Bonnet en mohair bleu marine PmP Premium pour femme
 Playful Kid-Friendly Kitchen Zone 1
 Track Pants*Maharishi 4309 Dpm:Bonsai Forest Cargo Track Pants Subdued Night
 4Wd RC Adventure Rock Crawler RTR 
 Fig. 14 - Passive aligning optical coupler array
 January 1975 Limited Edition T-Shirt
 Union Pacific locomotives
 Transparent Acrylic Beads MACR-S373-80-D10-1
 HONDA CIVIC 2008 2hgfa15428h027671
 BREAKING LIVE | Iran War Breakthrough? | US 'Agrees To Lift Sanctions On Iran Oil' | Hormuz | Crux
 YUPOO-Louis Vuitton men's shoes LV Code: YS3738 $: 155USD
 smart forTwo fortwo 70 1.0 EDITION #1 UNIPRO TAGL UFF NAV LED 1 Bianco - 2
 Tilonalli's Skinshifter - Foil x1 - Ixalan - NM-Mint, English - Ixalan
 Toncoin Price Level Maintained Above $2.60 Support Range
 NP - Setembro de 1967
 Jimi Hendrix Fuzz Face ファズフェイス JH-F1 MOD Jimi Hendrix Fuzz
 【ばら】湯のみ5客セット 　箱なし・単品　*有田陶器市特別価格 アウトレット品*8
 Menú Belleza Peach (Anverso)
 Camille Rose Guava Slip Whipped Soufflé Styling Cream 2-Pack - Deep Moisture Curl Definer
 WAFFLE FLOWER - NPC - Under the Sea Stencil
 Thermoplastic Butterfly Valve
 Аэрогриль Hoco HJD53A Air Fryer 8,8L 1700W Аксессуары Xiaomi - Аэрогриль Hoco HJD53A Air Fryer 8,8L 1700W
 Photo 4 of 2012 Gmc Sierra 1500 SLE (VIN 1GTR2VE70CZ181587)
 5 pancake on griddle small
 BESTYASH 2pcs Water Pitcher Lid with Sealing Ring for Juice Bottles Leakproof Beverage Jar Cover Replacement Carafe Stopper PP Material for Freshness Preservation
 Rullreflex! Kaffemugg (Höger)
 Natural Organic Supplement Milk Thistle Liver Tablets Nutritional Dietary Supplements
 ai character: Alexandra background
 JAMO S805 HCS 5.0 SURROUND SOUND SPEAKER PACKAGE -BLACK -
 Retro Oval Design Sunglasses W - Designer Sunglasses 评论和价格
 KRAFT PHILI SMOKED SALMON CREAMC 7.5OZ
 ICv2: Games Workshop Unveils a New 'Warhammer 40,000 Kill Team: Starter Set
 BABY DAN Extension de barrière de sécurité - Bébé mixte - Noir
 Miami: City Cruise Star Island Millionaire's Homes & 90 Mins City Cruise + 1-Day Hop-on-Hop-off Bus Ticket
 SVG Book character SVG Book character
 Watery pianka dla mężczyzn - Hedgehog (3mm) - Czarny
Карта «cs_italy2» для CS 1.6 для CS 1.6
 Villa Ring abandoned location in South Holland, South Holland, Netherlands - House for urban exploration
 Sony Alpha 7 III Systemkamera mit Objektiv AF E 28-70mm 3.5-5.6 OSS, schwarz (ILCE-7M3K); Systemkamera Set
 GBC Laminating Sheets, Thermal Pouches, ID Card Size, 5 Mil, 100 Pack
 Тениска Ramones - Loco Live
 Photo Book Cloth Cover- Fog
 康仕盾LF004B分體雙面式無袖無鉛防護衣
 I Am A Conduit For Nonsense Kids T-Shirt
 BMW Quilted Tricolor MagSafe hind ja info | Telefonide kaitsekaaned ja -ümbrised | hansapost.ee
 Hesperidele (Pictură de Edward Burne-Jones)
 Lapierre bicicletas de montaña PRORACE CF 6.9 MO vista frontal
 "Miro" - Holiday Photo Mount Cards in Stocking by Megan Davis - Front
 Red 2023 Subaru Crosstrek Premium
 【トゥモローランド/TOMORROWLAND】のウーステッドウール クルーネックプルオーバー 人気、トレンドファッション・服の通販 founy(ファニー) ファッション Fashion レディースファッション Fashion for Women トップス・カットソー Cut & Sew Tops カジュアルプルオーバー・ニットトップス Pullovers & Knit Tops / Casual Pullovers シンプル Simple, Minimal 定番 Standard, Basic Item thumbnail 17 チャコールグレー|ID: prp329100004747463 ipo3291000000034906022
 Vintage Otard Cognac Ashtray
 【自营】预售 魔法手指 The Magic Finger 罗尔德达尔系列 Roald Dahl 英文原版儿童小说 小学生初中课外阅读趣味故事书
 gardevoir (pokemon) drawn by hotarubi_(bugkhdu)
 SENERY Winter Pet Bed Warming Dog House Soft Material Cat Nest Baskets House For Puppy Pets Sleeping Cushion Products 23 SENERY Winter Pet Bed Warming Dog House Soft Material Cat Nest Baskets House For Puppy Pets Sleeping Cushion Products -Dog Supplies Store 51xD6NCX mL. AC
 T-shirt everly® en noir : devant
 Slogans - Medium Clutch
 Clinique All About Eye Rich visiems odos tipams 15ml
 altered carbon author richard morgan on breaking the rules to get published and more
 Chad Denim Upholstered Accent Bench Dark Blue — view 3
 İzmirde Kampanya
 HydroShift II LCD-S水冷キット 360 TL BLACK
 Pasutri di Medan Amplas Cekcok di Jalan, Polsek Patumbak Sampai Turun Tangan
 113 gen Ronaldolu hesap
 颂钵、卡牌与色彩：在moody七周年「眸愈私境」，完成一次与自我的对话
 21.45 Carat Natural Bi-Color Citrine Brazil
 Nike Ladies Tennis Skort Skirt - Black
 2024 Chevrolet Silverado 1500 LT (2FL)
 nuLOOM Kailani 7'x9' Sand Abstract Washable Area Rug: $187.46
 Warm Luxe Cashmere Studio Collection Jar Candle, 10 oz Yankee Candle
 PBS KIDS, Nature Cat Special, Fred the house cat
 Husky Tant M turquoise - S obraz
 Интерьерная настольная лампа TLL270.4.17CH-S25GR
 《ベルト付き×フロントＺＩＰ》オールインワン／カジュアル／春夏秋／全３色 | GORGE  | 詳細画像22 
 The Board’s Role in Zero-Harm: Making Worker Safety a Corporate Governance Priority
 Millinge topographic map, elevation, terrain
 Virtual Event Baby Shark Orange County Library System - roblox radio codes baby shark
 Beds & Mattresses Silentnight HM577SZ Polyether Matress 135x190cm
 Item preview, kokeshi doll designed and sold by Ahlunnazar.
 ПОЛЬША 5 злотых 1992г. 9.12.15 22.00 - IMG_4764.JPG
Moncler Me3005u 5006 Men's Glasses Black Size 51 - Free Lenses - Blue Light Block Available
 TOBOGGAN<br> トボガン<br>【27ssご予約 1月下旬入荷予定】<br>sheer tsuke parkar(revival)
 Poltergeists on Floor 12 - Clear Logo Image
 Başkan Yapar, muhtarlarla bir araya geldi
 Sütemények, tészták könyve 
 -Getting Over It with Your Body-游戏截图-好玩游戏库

───

**WORK TO BE COMPLETED**
Reproduce all of the data above, exactly and without omission.

**PROBLEM SOLUTION**
Bonnet en mohair bleu marine PmP Premium pour femme
 Playful Kid-Friendly Kitchen Zone 1
 Track Pants*Maharishi 4309 Dpm:Bonsai Forest Cargo Track Pants Subdued Night
 4Wd RC Adventure Rock Crawler RTR 
 Fig. 14 - Passive aligning optical coupler array
 January 1975 Limited Edition T-Shirt
 Union Pacific locomotives
 Transparent Acrylic Beads MACR-S373-80-D10-1
 HONDA CIVIC 2008 2hgfa15428h027671
 BREAKING LIVE | Iran War Breakthrough? | US 'Agrees To Lift Sanctions On Iran Oil' | Hormuz | Crux
 YUPOO-Louis Vuitton men's shoes LV Code: YS3738 $: 155USD
 smart forTwo fortwo 70 1.0 EDITION #1 UNIPRO TAGL UFF NAV LED 1 Bianco - 2
 Tilonalli's Skinshifter - Foil x1 - Ixalan - NM-Mint, English - Ixalan
 Toncoin Price Level Maintained Above $2.60 Support Range
 NP - Setembro de 1967
 Jimi Hendrix Fuzz Face ファズフェイス JH-F1 MOD Jimi Hendrix Fuzz
 【ばら】湯のみ5客セット 　箱なし・単品　*有田陶器市特別価格 アウトレット品*8
 Menú Belleza Peach (Anverso)
 Camille Rose Guava Slip Whipped Soufflé Styling Cream 2-Pack - Deep Moisture Curl Definer
 WAFFLE FLOWER - NPC - Under the Sea Stencil
 Thermoplastic Butterfly Valve
 Аэрогриль Hoco HJD53A Air Fryer 8,8L 1700W Аксессуары Xiaomi - Аэрогриль Hoco HJD53A Air Fryer 8,8L 1700W
 Photo 4 of 2012 Gmc Sierra 1500 SLE (VIN 1GTR2VE70CZ181587)
 5 pancake on griddle small
 BESTYASH 2pcs Water Pitcher Lid with Sealing Ring for Juice Bottles Leakproof Beverage Jar Cover Replacement Carafe Stopper PP Material for Freshness Preservation
 Rullreflex! Kaffemugg (Höger)
 Natural Organic Supplement Milk Thistle Liver Tablets Nutritional Dietary Supplements
 ai character: Alexandra background
 JAMO S805 HCS 5.0 SURROUND SOUND SPEAKER PACKAGE -BLACK -
 Retro Oval Design Sunglasses W - Designer Sunglasses 评论和价格
 KRAFT PHILI SMOKED SALMON CREAMC 7.5OZ
 ICv2: Games Workshop Unveils a New 'Warhammer 40,000 Kill Team: Starter Set
 BABY DAN Extension de barrière de sécurité - Bébé mixte - Noir
 Miami: City Cruise Star Island Millionaire's Homes & 90 Mins City Cruise + 1-Day Hop-on-Hop-off Bus Ticket
 SVG Book character SVG Book character
 Watery pianka dla mężczyzn - Hedgehog (3mm) - Czarny
Карта «cs_italy2» для CS 1.6 для CS 1.6
 Villa Ring abandoned location in South Holland, South Holland, Netherlands - House for urban exploration
 Sony Alpha 7 III Systemkamera mit Objektiv AF E 28-70mm 3.5-5.6 OSS, schwarz (ILCE-7M3K); Systemkamera Set
 GBC Laminating Sheets, Thermal Pouches, ID Card Size, 5 Mil, 100 Pack
 Тениска Ramones - Loco Live
 Photo Book Cloth Cover- Fog
 康仕盾LF004B分體雙面式無袖無鉛防護衣
 I Am A Conduit For Nonsense Kids T-Shirt
 BMW Quilted Tricolor MagSafe hind ja info | Telefonide kaitsekaaned ja -ümbrised | hansapost.ee
 Hesperidele (Pictură de Edward Burne-Jones)
 Lapierre bicicletas de montaña PRORACE CF 6.9 MO vista frontal
 "Miro" - Holiday Photo Mount Cards in Stocking by Megan Davis - Front
 Red 2023 Subaru Crosstrek Premium
 【トゥモローランド/TOMORROWLAND】のウーステッドウール クルーネックプルオーバー 人気、トレンドファッション・服の通販 founy(ファニー) ファッション Fashion レディースファッション Fashion for Women トップス・カットソー Cut & Sew Tops カジュアルプルオーバー・ニットトップス Pullovers & Knit Tops / Casual Pullovers シンプル Simple, Minimal 定番 Standard, Basic Item thumbnail 17 チャコールグレー|ID: prp329100004747463 ipo3291000000034906022
 Vintage Otard Cognac Ashtray
 【自营】预售 魔法手指 The Magic Finger 罗尔德达尔系列 Roald Dahl 英文原版儿童小说 小学生初中课外阅读趣味故事书
 gardevoir (pokemon) drawn by hotarubi_(bugkhdu)
 SENERY Winter Pet Bed Warming Dog House Soft Material Cat Nest Baskets House For Puppy Pets Sleeping Cushion Products 23 SENERY Winter Pet Bed Warming Dog House Soft Material Cat Nest Baskets House For Puppy Pets Sleeping Cushion Products -Dog Supplies Store 51xD6NCX mL. AC
 T-shirt everly® en noir : devant
 Slogans - Medium Clutch
 Clinique All About Eye Rich visiems odos tipams 15ml
 altered carbon author richard morgan on breaking the rules to get published and more
 Chad Denim Upholstered Accent Bench Dark Blue — view 3
 İzmirde Kampanya
 HydroShift II LCD-S水冷キット 360 TL BLACK
 Pasutri di Medan Amplas Cekcok di Jalan, Polsek Patumbak Sampai Turun Tangan
 113 gen Ronaldolu hesap
 颂钵、卡牌与色彩：在moody七周年「眸愈私境」，完成一次与自我的对话
 21.45 Carat Natural Bi-Color Citrine Brazil
 Nike Ladies Tennis Skort Skirt - Black
 2024 Chevrolet Silverado 1500 LT (2FL)
 nuLOOM Kailani 7'x9' Sand Abstract Washable Area Rug: $187.46
 Warm Luxe Cashmere Studio Collection Jar Candle, 10 oz Yankee Candle
 PBS KIDS, Nature Cat Special, Fred the house cat
 Husky Tant M turquoise - S obraz
 Интерьерная настольная лампа TLL270.4.17CH-S25GR
 《ベルト付き×フロントＺＩＰ》オールインワン／カジュアル／春夏秋／全３色 | GORGE  | 詳細画像22 
 The Board’s Role in Zero-Harm: Making Worker Safety a Corporate Governance Priority
 Millinge topographic map, elevation, terrain
 Virtual Event Baby Shark Orange County Library System - roblox radio codes baby shark
 Beds & Mattresses Silentnight HM577SZ Polyether Matress 135x190cm
 Item preview, kokeshi doll designed and sold by Ahlunnazar.
 ПОЛЬША 5 злотых 1992г. 9.12.15 22.00 - IMG_4764.JPG
Moncler Me3005u 5006 Men's Glasses Black Size 51 - Free Lenses - Blue Light Block Available
 TOBOGGAN<br> トボガン<br>【27ssご予約 1月下旬入荷予定】<br>sheer tsuke parkar(revival)
 Poltergeists on Floor 12 - Clear Logo Image
 Başkan Yapar, muhtarlarla bir araya geldi
 Sütemények, tészták könyve 
 -Getting Over It with Your Body-游戏截图-好玩游戏库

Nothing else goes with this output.